Está no nosso dia a dia. Manifestações, greves e denúncias não apenas no Brasil mas, globalmente paradigmas, crenças e valores sociais têm sido constantemente colocados em descrédito.
Por todo esse movimento, cada vez menos confiamos nas instituições que fazem parte do nosso cotidiano. Este panorama foi divulgado pelo Edelman TRUST BAROMETER, uma pesquisa realizada anualmente para medir o nível de confiança da população em 28 país, incluindo o Brasil.
Segundo o relatório, a confiança da população em geral em todas as quatro principais instituições pesquisadas – empresas, governos, ONGs e mídia – diminuiu amplamente, um fenômeno não identificado desde que a Edelman começou a acompanhar a variável nestes quatro segmentos, em 2012.
Com a queda da confiança, a maioria dos entrevistados agora não tem plena convicção de que o sistema global está trabalhando para eles.
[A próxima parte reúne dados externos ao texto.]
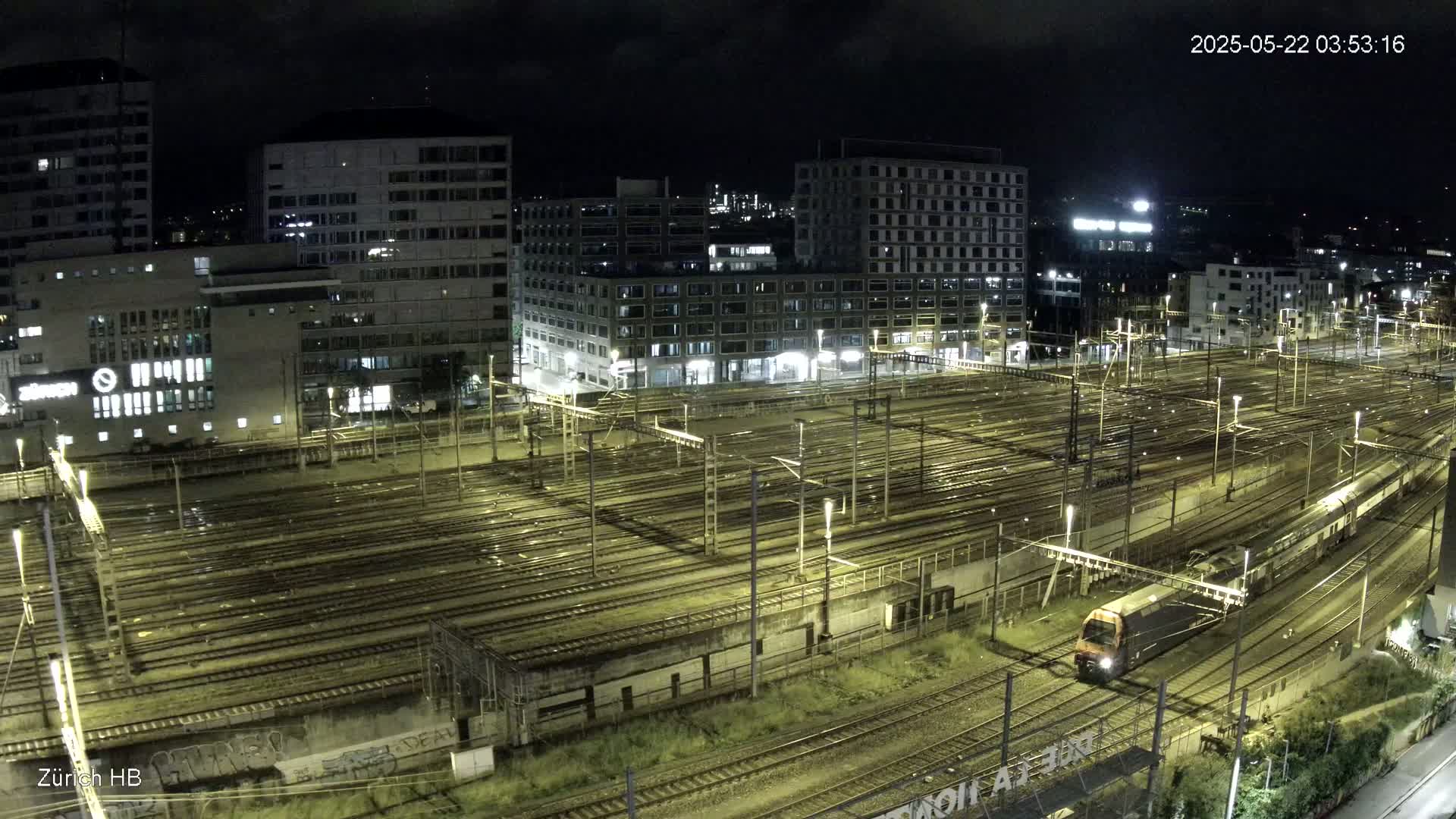 A nighttime view of a train station with many tracks and buildings surrounding it, under a clear sky.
Nesse clima, as preocupações sociais e econômicas das pessoas, incluindo a globalização, o ritmo da inovação e a erosão dos valores sociais, transformam-se em medos, estimulando o surgimento de ações populistas que estão se desenvolvendo em várias democracias de estilo ocidental.
Fazendo uma retrospectiva dos cenários identificados nos últimos 15 anos pelo Trust Barometer, é possível identificar transformações no que se refere à mídia.
2001 | Crescimento da influência de ONGs |
2002 | Queda do CEO como celebridade |
2003 | Mídia ganha mais credibilidade do que a publicidade |
2004 | Queda de confiança nas empresas dos EUA e Europa |
2005 | A confiança muda das “autoridades” para os pares |
2006 | “Uma pessoa como eu” emerge como um porta-voz de confiança |
2007 | Empresas são mais confiáveis do que o Governo e a Mídia |
2008 | Jovens influenciadores têm mais confiança nas empresas |
2009 | Empresas devem ser parceiros do Governo para que recuperem confiança |
2010 | A confiança agora é uma parte essencial para o negócio |
2011 | Crescimento da figura de autoridade |
2012 | Queda do governo |
2013 | Crise de liderança |
2014 | Empresas lideram o debate para mudanças |
2015 | Confiança é essencial para inovação |
2016 | Mais desigualdade nos níveis de confiança |
2017 | Confiança em crise |
Em 2003, o sentimento identificado era de uma mídia com credibilidade, sobrepondo-se ao discurso publicitário que dominou as relações de mercado até a década de 1990, principalmente como uso da televisão. Se, em 2003 o discurso publicitário começa a perder forças para as agências de notícias e outras fontes, de lá pra cá, cada vez mais, a comunicação de conglomerados tem perdido posições, emergindo a narrativa e o papel comunicacional de confiança dos pares (2005), do indivíduo (2006), de empresas de outros setores (2007) e de jovens influenciadores (2008).
Não por acaso, cronologicamente, esse conjunto de percepções anda junto com a influência da internet nas nossas vidas.
Mídia social e mídia tradicional: confiança em declínio
O gráfico abaixo mostra o percentual de confiança em cada fonte para notícias e informações gerais.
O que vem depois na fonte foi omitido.